Alors que l’Espagne exportait encore massivement du bétail vers le Maroc en début d’année, une mutation rapide s’opère : 16 000 veaux venant du Brésil ont été importés par le royaume chérifien en l’espace de trois semaines, signe d’un basculement qui préoccupe vivement les éleveurs européens.
Le Brésil, en tête de pont du bloc commercial du Mercosur, semble désormais capable de concurrencer frontalement les exportateurs traditionnels sur les marchés maghrébins, même sans bénéficier encore des avantages d’un accord de libre-échange avec l’Union européenne.
Le choix des importateurs marocains s’explique notamment par l’envolée des prix de la viande bovine en Espagne, qui rend les alternatives sud-américaines plus attractives malgré les frais logistiques plus élevés.
Pour certains, ces coûts additionnels sont compensés par un prix d’achat initial plus bas et des contraintes réglementaires moindres côté Mercosur.
Une situation qui, selon des responsables agricoles espagnols, crée un déséquilibre compétitif d’autant plus inquiétant que l’accord entre l’UE et le Mercosur n’est même pas encore entré en vigueur.
La crainte exprimée par les éleveurs espagnols est double : voir leurs parts de marché s’effriter dans des pays historiquement clients, et anticiper un effet domino sur d’autres régions, y compris au sein même de l’Europe.
Pour eux, le Maroc, l’Algérie ou encore l’Égypte, traditionnellement tournés vers l’Espagne pour leur approvisionnement en bétail, sont aujourd’hui de plus en plus séduits par les offres venues d’Amérique du Sud, notamment du Brésil.
Au-delà de la seule question des prix, la concurrence est perçue comme inéquitable.
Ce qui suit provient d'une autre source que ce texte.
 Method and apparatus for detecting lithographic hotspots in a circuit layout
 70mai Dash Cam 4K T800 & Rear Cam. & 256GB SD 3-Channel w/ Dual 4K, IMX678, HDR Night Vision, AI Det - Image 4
L’Espagne invoque un environnement de production strictement encadré sur les plans sanitaire, fiscal et social, là où les membres du Mercosur sont soumis à des obligations moindres.
Cette disparité alimente le sentiment d’injustice chez les éleveurs européens, qui appellent les autorités à diversifier les débouchés à l’export pour éviter une crise prolongée dans le secteur bovin.